The Stanley Tavern is a historic tavern building at 371 Main Street in Hopkinton, New Hampshire, United States. The oldest portion of this Georgian wood-frame structure was built c. 1791 by Theophilus Stanley, to serve as a tavern in the town, which was at the time vying (unsuccessfully, as it turned out) with Concord to be the state capital. It is the only surviving tavern of three that were known to be present in the town in the late 18th and early 19th century.
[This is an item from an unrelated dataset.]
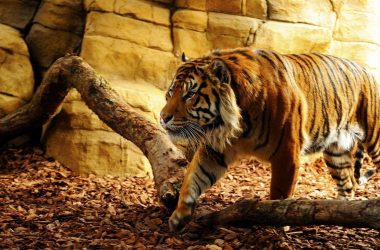 Wonderful Tiger Wallpaper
The building was listed on the National Register of Historic Places in 2005, and the New Hampshire State Register of Historic Places in 2002.
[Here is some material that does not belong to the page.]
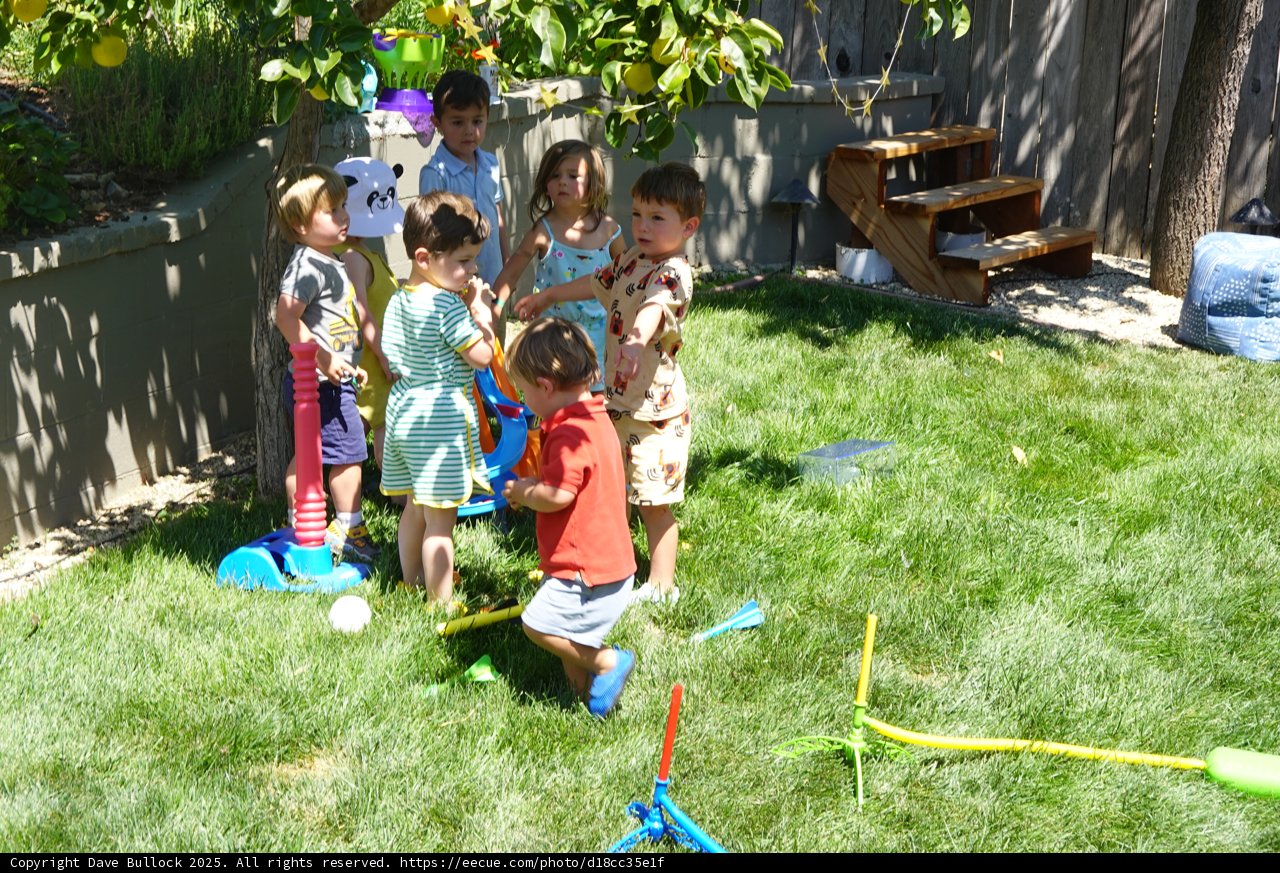 Backyard Playtime Adventure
==Description and history==
Stanley Tavern is located in the village center of Hopkinton, on the south side of Main Street (U.S. Route 202). It is a 2½-story wood-frame structure, with a hip roof and clapboarded exterior. The building originally consisted of a typical five bay wide, two bay deep, Georgian house with a central chimney, to which a single story kitchen wing with rear chimney was built on. Around 1800 the roof of the kitchen wing was raised to a full two stories. A two-story wing added in 1875 was demolished during restoration of the property in the early 2000s.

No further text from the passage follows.